- Exercise:
The line containing "цвет черный ,photo 4" marks the end; return exactly every line from the start of the records up to and including it, but no pictures.

- Data shown:
* * * *
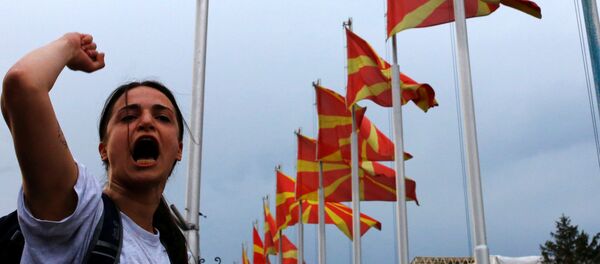 Протести против владе у Македонији Протести против владе у Македонији - Sputnik Србија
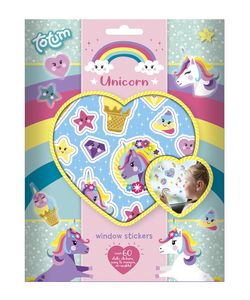 Totum raamsticker unicorn meisjes vinyl 60 stickers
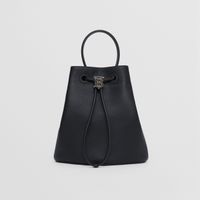 Grainy Leather Small TB Bucket Bag in Black - Women | Burberry® Official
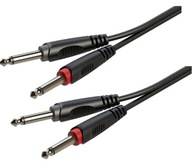 Audio kábel RACC100L3m Zástrčka 2xJack 6.3-2xJack 6.3 Audio kábel RACC100L3m Zástrčka 2xJack 6.3-2xJack 6.3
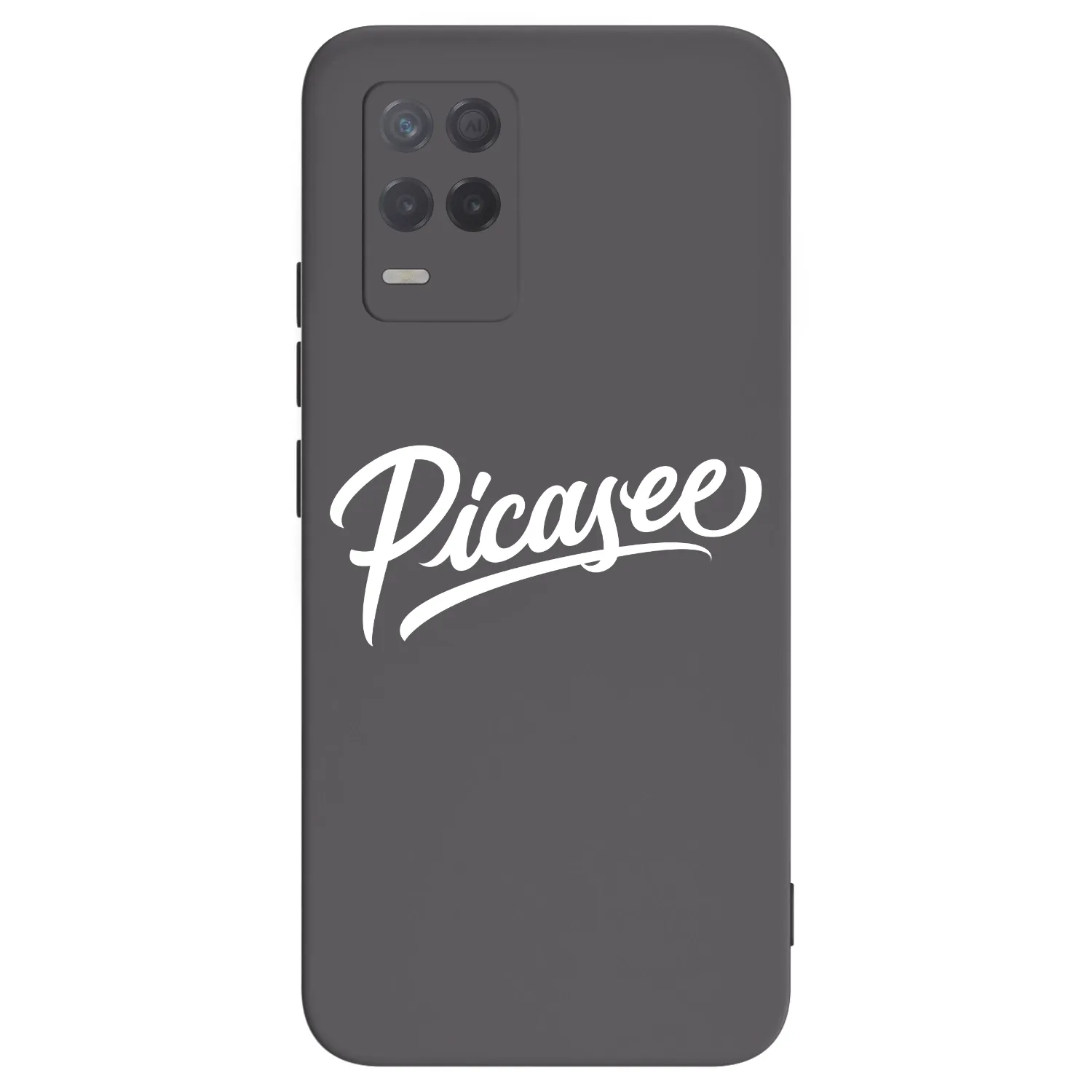 Picasee husă neagră din silicon pentru Realme 8 5G - Picasee - old logo - white
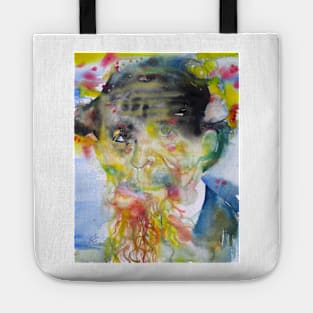 CHARLES DICKENS - watercolor portrait .1 Tote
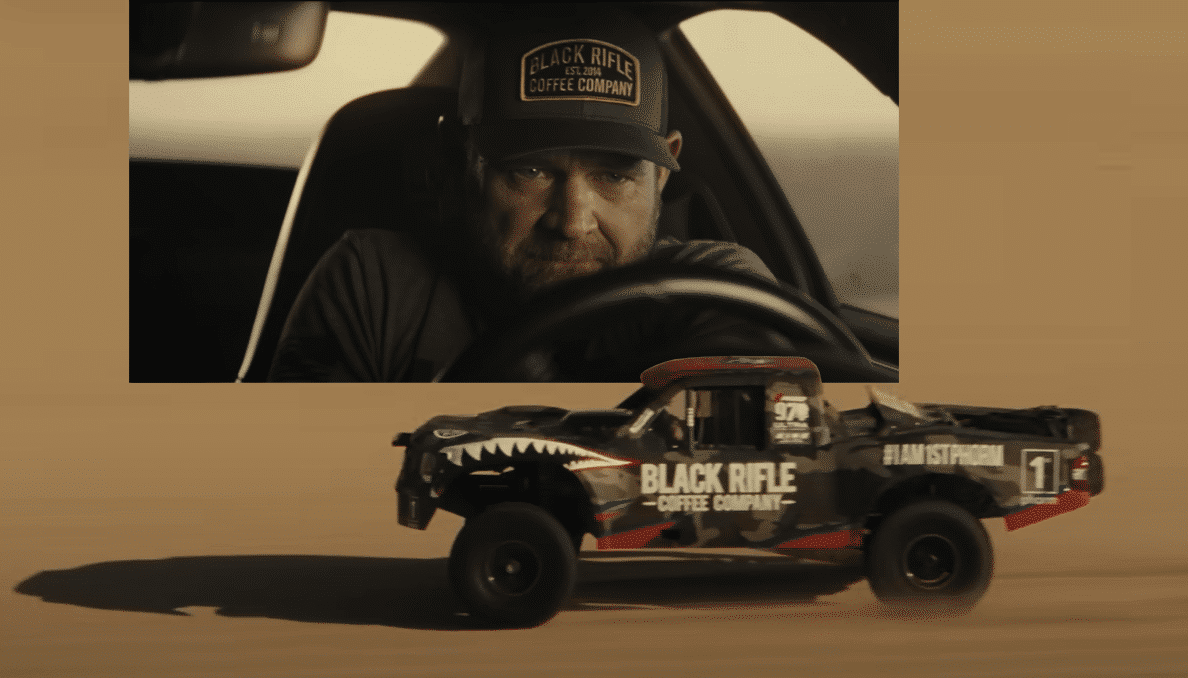 BJ Baldwin in BRCC truck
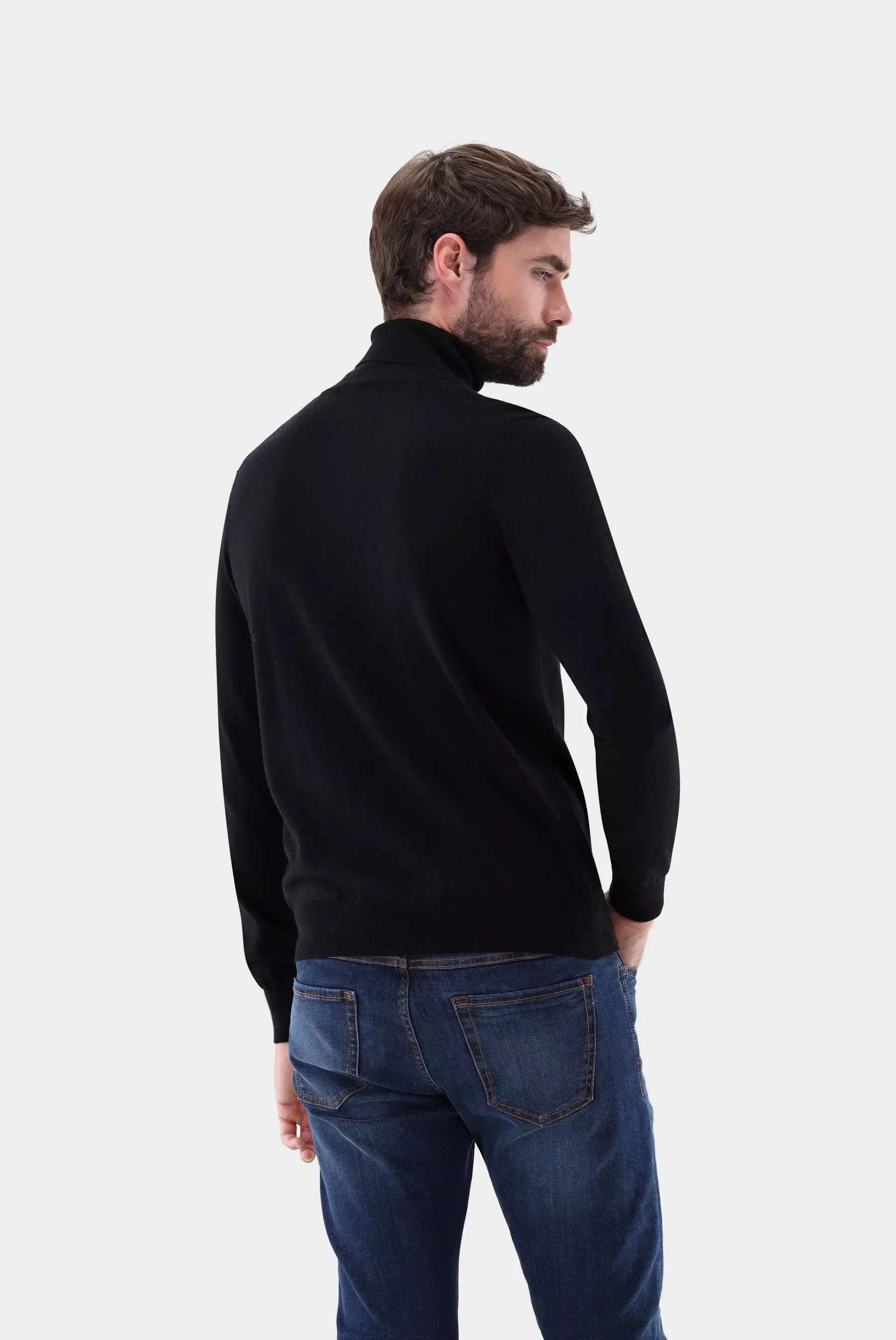 van Laack ВОДОЛАЗКА SAINI F
 цвет черный ,photo 4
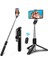 Q02 Siyah Ruzsj Q02 1030MM Selfie Çubuğu Tripod, Kablosuz Uzaktan Kumandalı, Mini Uzatılabilir 4'ü 1 Arada Selfie Çubuğu 360° Döndürme Telefon Standı Tutucu (Yurt Dışından) 1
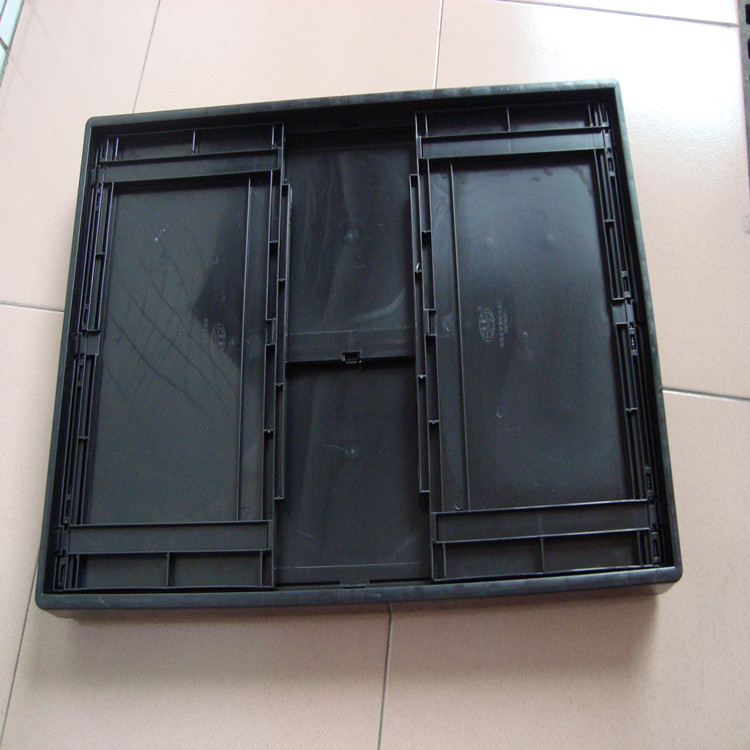 防静电折叠箱 HH3002黑色折叠周转箱 塑料对折箱 现货直销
* * * *
- Exercise answer:
 Протести против владе у Македонији Протести против владе у Македонији - Sputnik Србија
 Totum raamsticker unicorn meisjes vinyl 60 stickers
 Grainy Leather Small TB Bucket Bag in Black - Women | Burberry® Official
 Audio kábel RACC100L3m Zástrčka 2xJack 6.3-2xJack 6.3 Audio kábel RACC100L3m Zástrčka 2xJack 6.3-2xJack 6.3
 Picasee husă neagră din silicon pentru Realme 8 5G - Picasee - old logo - white
 CHARLES DICKENS - watercolor portrait .1 Tote
 BJ Baldwin in BRCC truck
 van Laack ВОДОЛАЗКА SAINI F
 цвет черный ,photo 4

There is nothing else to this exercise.